Your instructions -> The output should be the listing below, limited to the lines from the one with "18K Gold PVD" through the one with "Nautical Beach Decor", exact and without pictures.

Source material ->
══════

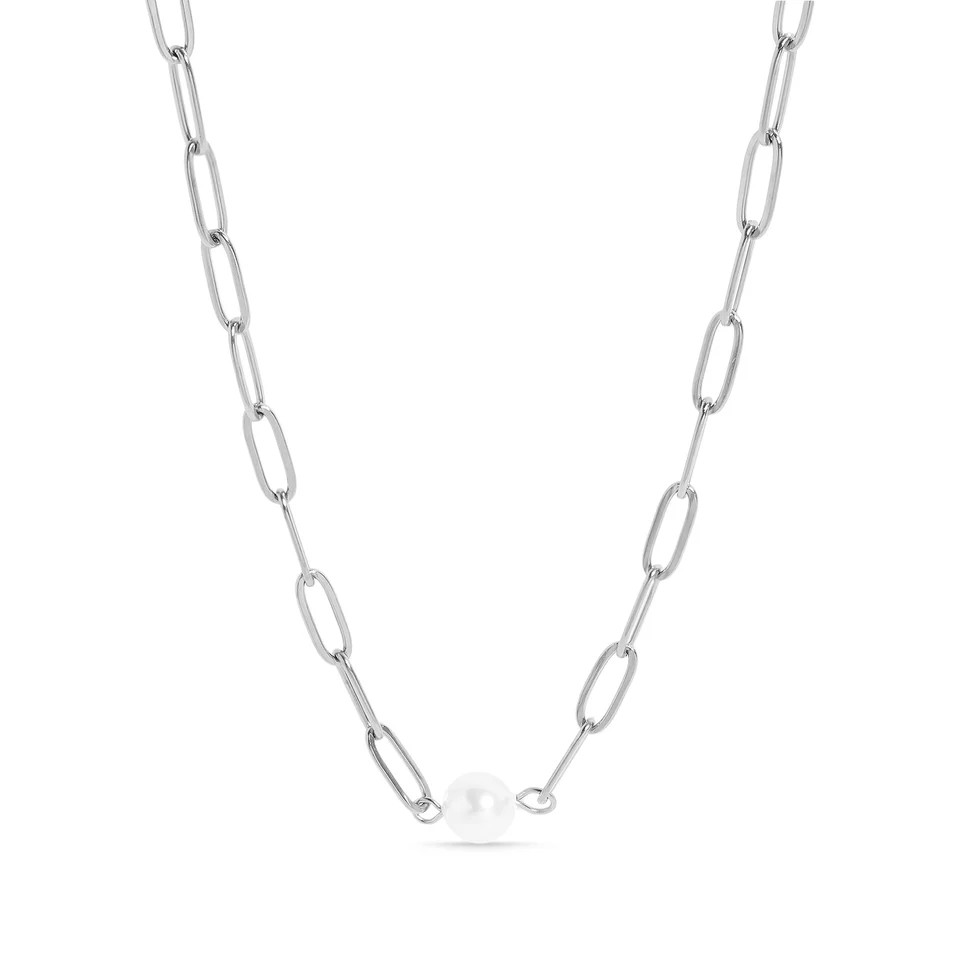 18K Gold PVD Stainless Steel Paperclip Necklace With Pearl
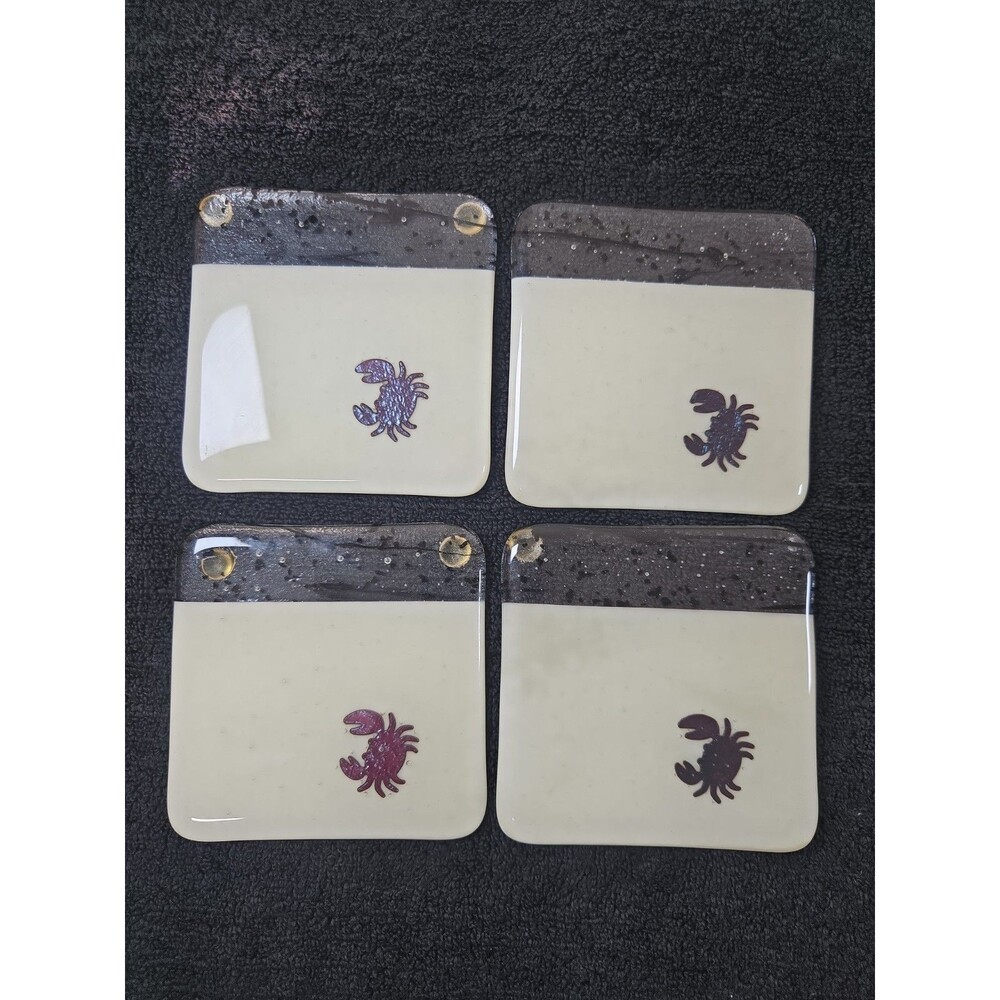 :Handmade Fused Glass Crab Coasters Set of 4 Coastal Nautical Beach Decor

══════

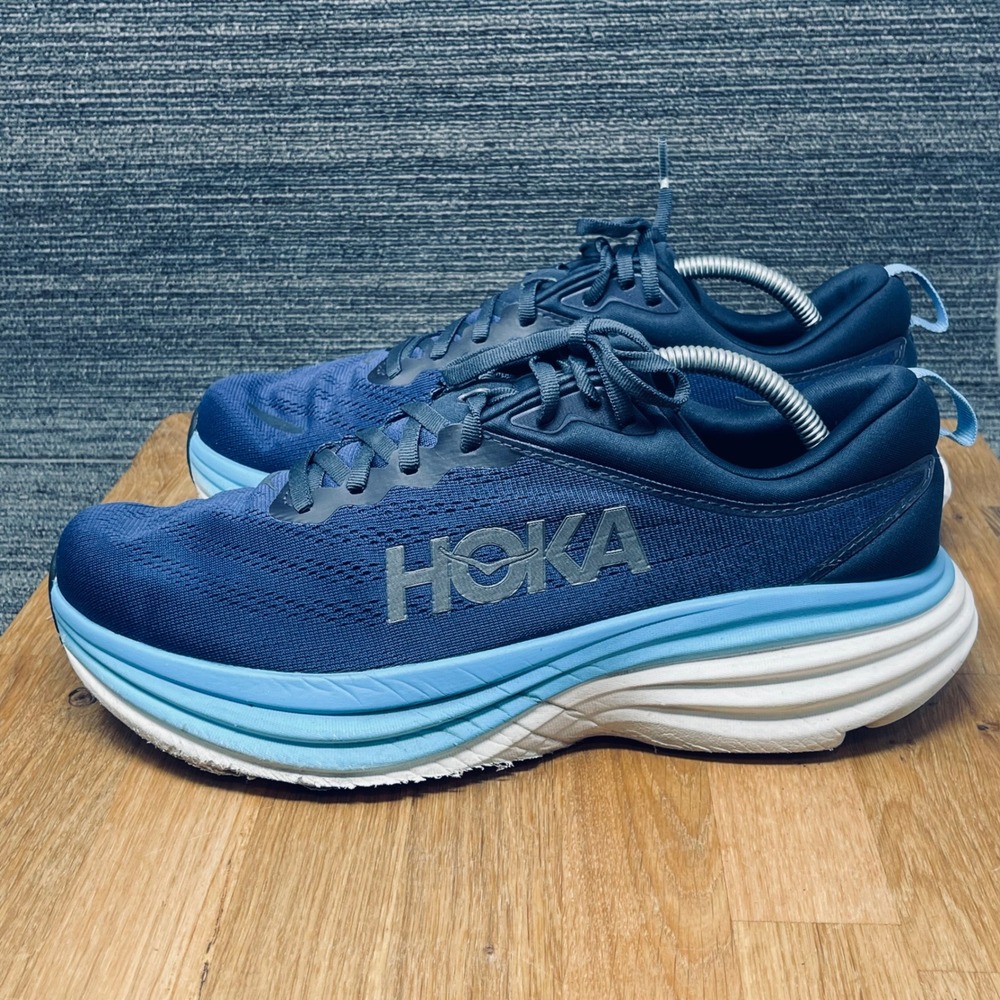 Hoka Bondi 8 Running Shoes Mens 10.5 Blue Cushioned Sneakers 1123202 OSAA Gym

══════

Response below ->
 18K Gold PVD Stainless Steel Paperclip Necklace With Pearl
 :Handmade Fused Glass Crab Coasters Set of 4 Coastal Nautical Beach Decor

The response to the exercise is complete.